Honourable mention in the 3rd Annual Geist Literal Literary Postcard Story Contest.
That was the worst year, when you fractured your spine and I quit smoking and my thesis, in which order I can’t remember. And then the eating started again—a muffin once in a while, and then maybe two and a latte or two lattes or five lattes and a scone a cookie pita and hummus a carton of ice cream eaten furtively in the park with a plastic spoon from the to-go section at the new Sobey’s on Roncey where nobody knows me, because who would buy from a corporate franchise when they could support local independent business?
Nobody, observing in the progress of time the blossoming of thighs breasts hips cheeks, says “Hey, you’ve put on a lot of weight—how’d you do that?” as, when the same flesh hardens and retreats, they say “Hey, you look great, you’ve lost weight, how’d you do that?”
If they did, if they had, I would say—have said—to them: let me tell you about my secret life in food; I am a wild muffin party.
On my half-hour two-hour three-hour five-hour runs I design posters in my head for eating disorder groups, featuring lots of young skinny girls and one “average” thirty-something woman and the caption—Can you identify the bulimic?—and of course the answer would be obvious, because why otherwise include the fat girl?
How can I make love to you with turgid churning belly? I’ll sleep on the sofa tonight.
When we split for a time, back in our twenties, people said such a shame, such an elegant couple. You said, “Why are you always thinner when we’re apart?”
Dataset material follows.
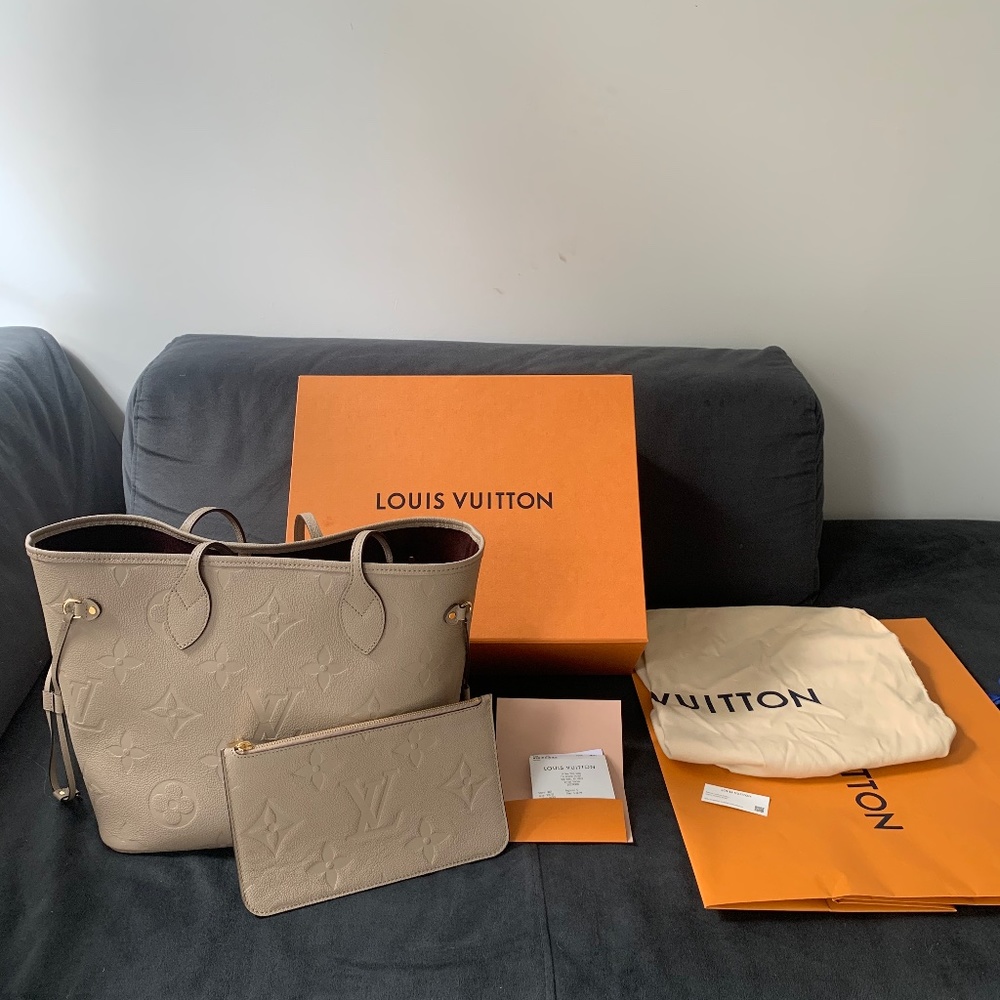 Louis Vuitton Neverfull new in box leather MM bag WITHOUT POUCH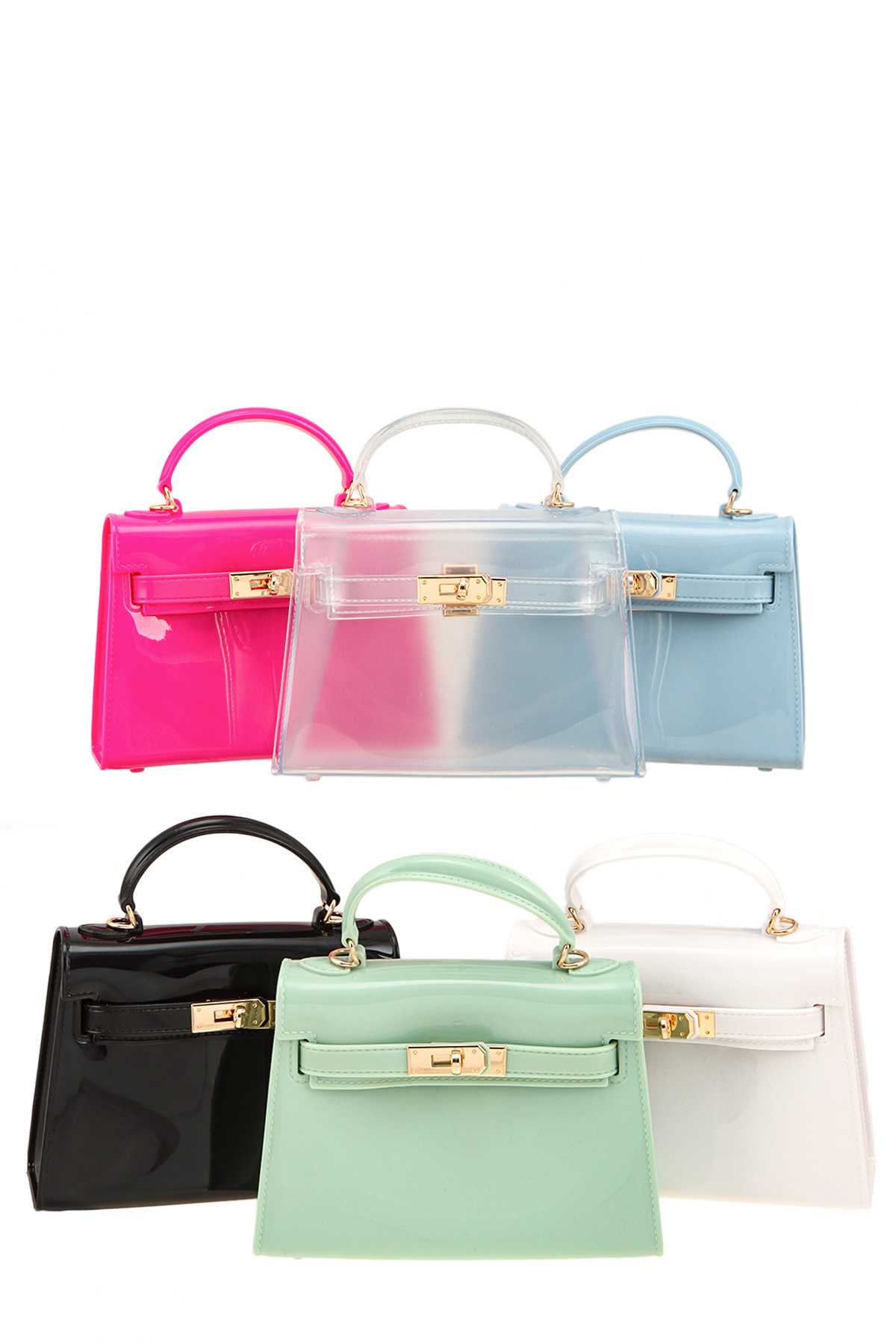 Double Strap Buckle Top Handle Jelly Bag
After the accident, you were wrenchingly grateful that I had rushed home (although it took fully a week to pack up and sell what I could and get a flight out): “I wasn’t sure you would,” you said—and justifiably so, when I’d got so clever at staying away.
There had been no question, of course, from the moment I picked up the message on Clare’s orange i-book after a night out in London revisiting old haunts—I think we must have gone for a run in Regent’s Park, and then perhaps dinner at the Thai Cottage in Soho. I think I even remarked to Clare that this lack of hesitation clearly showed my commitment to the relationship. And then eating bowl after bowl of puffed millet cereal with rice milk while composing a slew of differently nuanced but substantively similar e-mails.
I was relieved to find you relatively unbroken—no need for sponge baths or awkward toilet manoeuvres—just a brace and a few months of rest. Later, however, you confessed that you’d been shocked at first to see me: “You were so thin,” you said.
It took a long time and several sizes for you to grasp the weight of it: “You seemed so normal,” you said, and I nodded.